« La France ne doit plus être un de ces pays où les femmes ont peur », a déclaré le Président de la République Emmanuel Macron le 25 novembre, journée mondiale de lutte contre les violences faites aux femmes, où il a fait observer une minute de silence en hommage aux 123 femmes tuées en 2016 par leur partenaire ou ex-partenaire.
Faisant état du sentiment d'« horreur et de honte » qui s'est emparé de lui devant le déferlement des témoignages de femmes harcelées, le Président a décrété l'égalité entre femmes et hommes « grande cause du quinquennat », et a fixé trois priorités : le renforcement de l'arsenal répressif, un meilleur accompagnement des victimes et le développement de l'éducation et du combat culturel en faveur de l'égalité.
Une dizaine de structures pilotes pour la prise en charge
En 2016, 225 000 femmes ont été victimes de violences physiques ou sexuelles de la part de leur conjoint ; moins d'une sur cinq a déposé plainte.
Pour accompagner les victimes, des unités spécialisées dans la prise en charge globale psychotraumatique seront créées dans les centres hospitaliers dès 2018 ; une dizaine de structures pilotes sont prévues dans les mois qui viennent, en métropole.
Les soins psychotraumatiques liées aux violences subies pourront être pris en charge par la sécurité sociale. Les unités médico-judiciaire des hôpitaux pourront garder les preuves des violences, même si la victime ne souhaite pas porter plainte.
Emmanuel Macron a promis de « traquer partout ceux qui pratiquent l'excision, cette barbarie », et a appelé à porter « une attention toute particulière pour les femmes migrantes qui fuient leur pays, car elles cherchent aussi à fuir l'excision pour elles-mêmes et leurs petites filles ».
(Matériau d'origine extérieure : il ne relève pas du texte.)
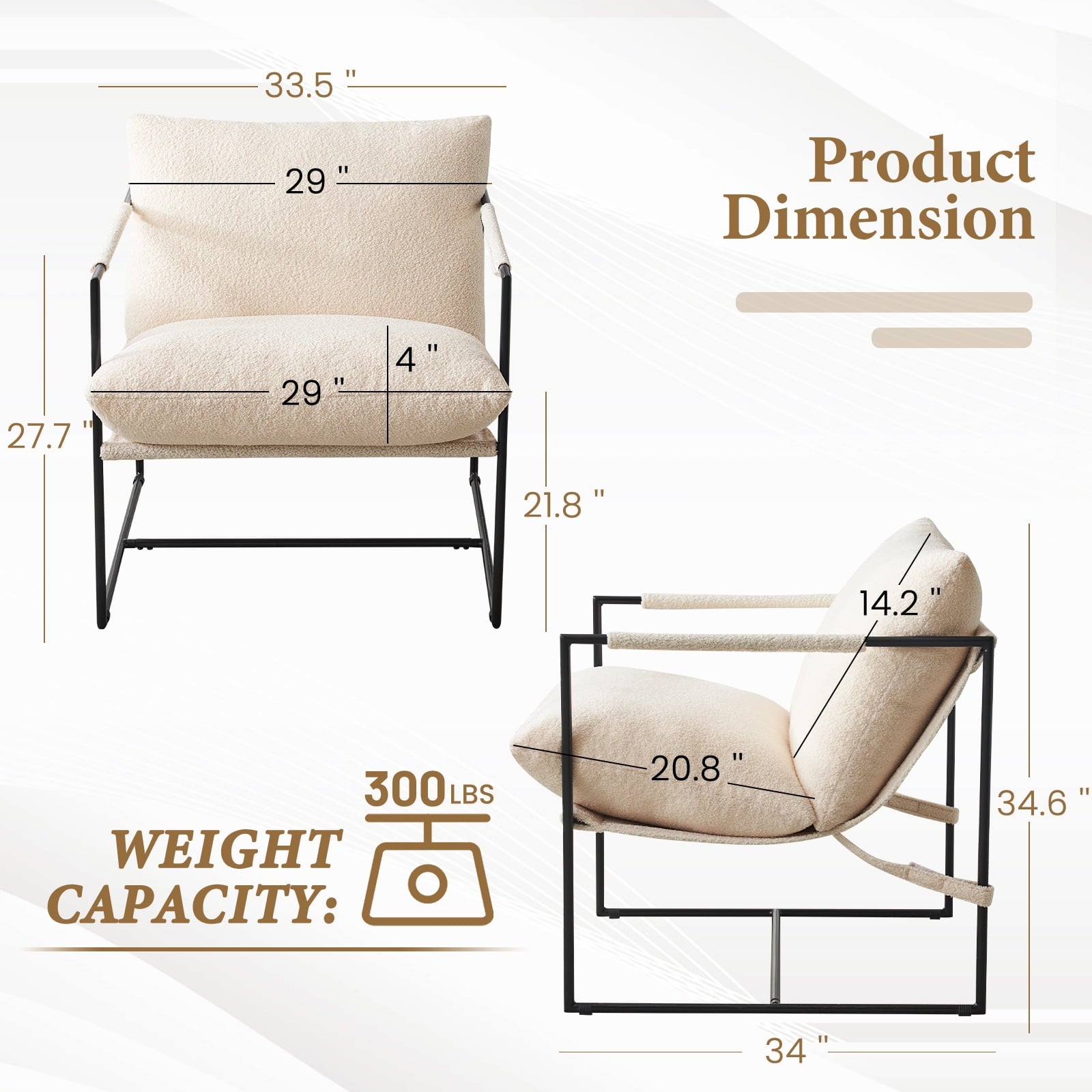 29" Modern Ivory White Faux Fur Sling Accent Chair - Metal Frame Upholstered Armchair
Délai de prescription, âge du consentement…
Le projet de loi contre « les violences sexuelles et sexistes » qui sera présenté en 2018 par Marlène Schiappa, secrétaire d'État à l'égalité entre les femmes et les hommes, et Nicole Belloubet, ministre de la Justice et garde des Sceaux, devrait comporter plusieurs mesures destinées à renforcer l'arsenal répressif.
Le délai de prescription des crimes sexuels sur les mineurs sera étendu à 30 ans, à compter la majorité de la victime, au lieu de 20 ans actuellement. La victime pourrait donc porter plainte jusqu'à l'âge de 48 ans, comme le préconisait la mission conduite par Flavie Flament et Jacques Calmettes - après une première loi doublant les délais pour les majeurs, jusqu'à 20 ans pour les crimes.
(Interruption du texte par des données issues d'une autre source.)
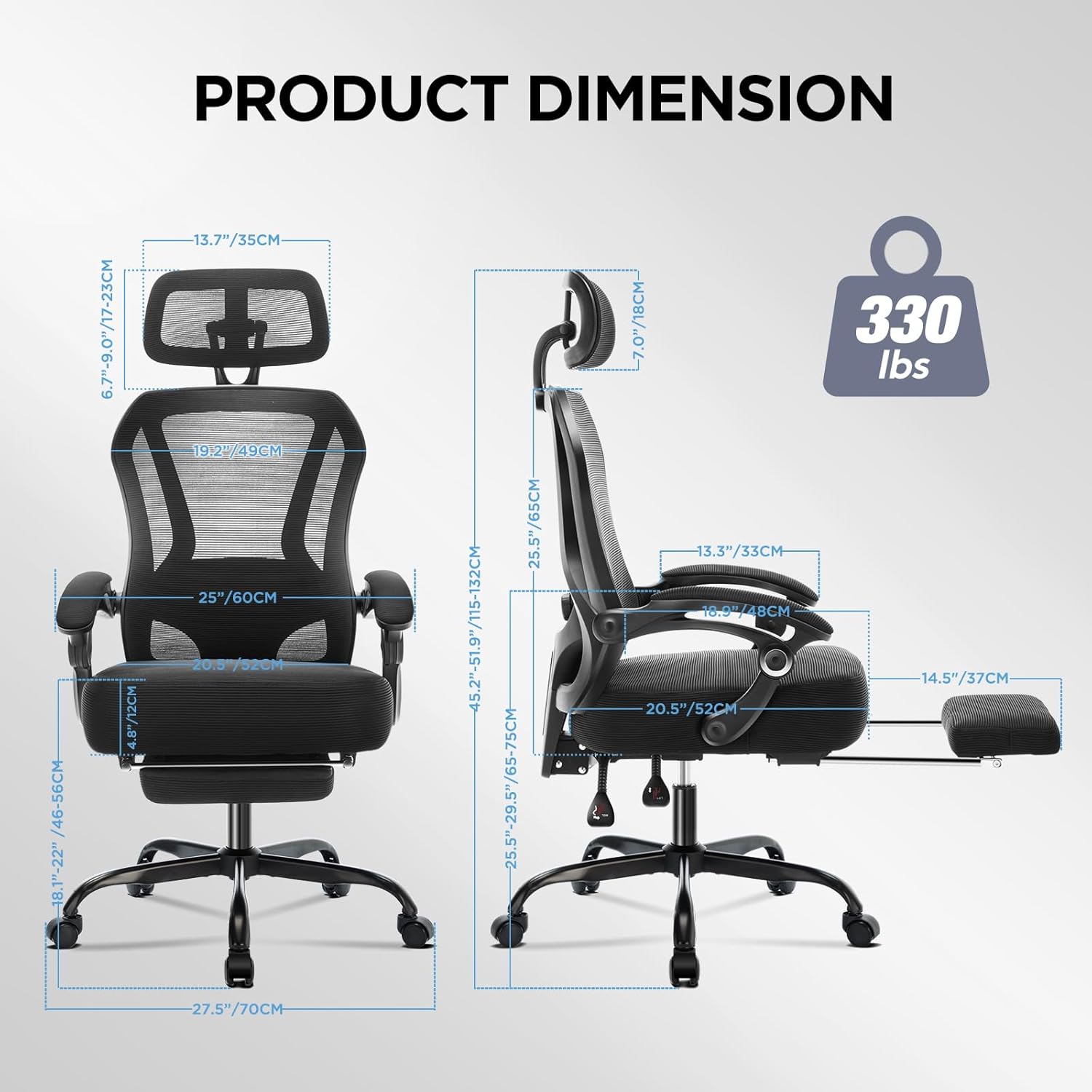 Ergonomic High Back Reclining  - đánh giá và giá Office Footrest Cushion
Le projet devrait aussi fixer un âge minimal du consentement, en dessous duquel le viol est automatiquement constitué de fait. Emmanuel Macron a plaidé pour l'établir à 15 ans - celui de la majorité sexuelle - « par conviction intime » et « par souci de cohérence et de protection des mineurs ». Le Haut conseil pour l'égalité entre les hommes et les femmes proposait 13 ans, eu égard aux législations espagnoles (12 ans), britanniques (13 ans), Belges (14 ans) ou Danemark (15 ans). La garde des Sceaux Nicole Belloubet qui s'était aussi prononcée pour un seuil à 13 ans, a indiqué qu'il y aurait un débat au Parlement.
La loi devrait créer un délit d'outrage sexiste punissant le harcèlement de rue, « verbalisable immédiatement pour un montant dissuasif ». « Une mesure qui porte une dimension symbolique puissante, et un aspect tout à fait réaliste », a commenté Nicole Belloubet.
Les victimes de violence, harcèlement ou discrimination pourront effectuer un signalement en ligne dès le début de l'année, et parler en direct avec des policiers ou gendarmes formés, quels que soient l'heure et le jour. Elles pourront aussi porter plainte dans les lieux de prise en charge, comme les hôpitaux.
Des associations inquiètes des moyens
Le CSA pourra intervenir sur les contenus numériques (internet, jeux vidéos, et plus seulement sur la télévision et la radio) pour lutter contre la pornographie accessible aux enfants, ou contre des contenus incitant à la violence contre les femmes. Des modifications législatives et une application pour les victimes sont attendues dès 2018 pour lutter contre le cyberharcellement ...
Les associations réclamaient un plan d'urgence. Si elles saluent l'engagement du président, elles regrettent l'insuffisance du budget interministériel de 420 millions d'euros, qui s'appuie sur l'existant, sans que des fonds supplémentaires ne soient débloqués. « Sans financement, tout plan de communication, de formation, de sensibilisation, de prise en charge des victimes sera vain » met en garde Osez le Féminisme, tandis que la militante Caroline De Haas appelle à prendre exemple sur l'Espagne et son plan d'un milliard sur cinq ans.